--- Exercise materials ---
--- START ---










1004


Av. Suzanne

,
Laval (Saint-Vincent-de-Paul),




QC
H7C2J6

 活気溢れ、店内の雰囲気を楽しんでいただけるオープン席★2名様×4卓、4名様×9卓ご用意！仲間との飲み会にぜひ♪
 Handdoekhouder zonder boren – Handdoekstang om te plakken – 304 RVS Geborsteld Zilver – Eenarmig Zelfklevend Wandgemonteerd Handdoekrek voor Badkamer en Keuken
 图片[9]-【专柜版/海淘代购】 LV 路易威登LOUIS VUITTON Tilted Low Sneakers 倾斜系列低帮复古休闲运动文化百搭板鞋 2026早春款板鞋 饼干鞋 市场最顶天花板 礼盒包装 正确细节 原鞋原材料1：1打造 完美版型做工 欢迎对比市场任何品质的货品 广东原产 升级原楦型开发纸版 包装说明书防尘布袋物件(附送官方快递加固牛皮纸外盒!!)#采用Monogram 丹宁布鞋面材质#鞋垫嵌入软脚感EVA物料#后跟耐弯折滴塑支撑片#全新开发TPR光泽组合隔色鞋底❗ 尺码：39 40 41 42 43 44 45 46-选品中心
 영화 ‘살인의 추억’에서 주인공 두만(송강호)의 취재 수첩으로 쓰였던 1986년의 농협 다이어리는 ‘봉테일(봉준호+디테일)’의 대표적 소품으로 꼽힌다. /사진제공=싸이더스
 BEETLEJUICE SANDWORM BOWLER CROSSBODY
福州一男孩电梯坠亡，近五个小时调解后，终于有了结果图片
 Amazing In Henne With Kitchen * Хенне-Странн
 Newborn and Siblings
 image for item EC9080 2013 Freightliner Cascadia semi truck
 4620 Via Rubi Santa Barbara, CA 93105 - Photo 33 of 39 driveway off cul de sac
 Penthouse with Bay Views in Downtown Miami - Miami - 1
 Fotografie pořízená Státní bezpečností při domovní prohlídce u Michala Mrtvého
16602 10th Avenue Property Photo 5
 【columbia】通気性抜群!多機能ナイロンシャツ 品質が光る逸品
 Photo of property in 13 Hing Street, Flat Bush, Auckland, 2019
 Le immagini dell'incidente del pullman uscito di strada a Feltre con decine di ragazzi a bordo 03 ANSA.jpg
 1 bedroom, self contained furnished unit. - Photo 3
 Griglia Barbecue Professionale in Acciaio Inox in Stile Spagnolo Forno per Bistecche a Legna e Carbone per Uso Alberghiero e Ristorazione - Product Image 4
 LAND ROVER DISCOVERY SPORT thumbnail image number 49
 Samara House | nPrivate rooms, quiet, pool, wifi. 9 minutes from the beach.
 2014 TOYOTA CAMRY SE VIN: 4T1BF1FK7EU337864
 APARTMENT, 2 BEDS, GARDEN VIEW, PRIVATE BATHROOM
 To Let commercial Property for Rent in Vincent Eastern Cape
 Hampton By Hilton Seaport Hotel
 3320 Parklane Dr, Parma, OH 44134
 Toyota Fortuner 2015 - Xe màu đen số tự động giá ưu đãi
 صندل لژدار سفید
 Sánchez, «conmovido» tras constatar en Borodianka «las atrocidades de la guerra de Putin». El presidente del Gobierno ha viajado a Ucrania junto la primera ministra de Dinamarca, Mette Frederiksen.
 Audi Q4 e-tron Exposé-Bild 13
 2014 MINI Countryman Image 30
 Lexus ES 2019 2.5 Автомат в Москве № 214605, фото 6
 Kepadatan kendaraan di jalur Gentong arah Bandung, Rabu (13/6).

--- END ---

Within the data, how many lines hold the word "Photo"? State only that number.

--- Exercise result ---
4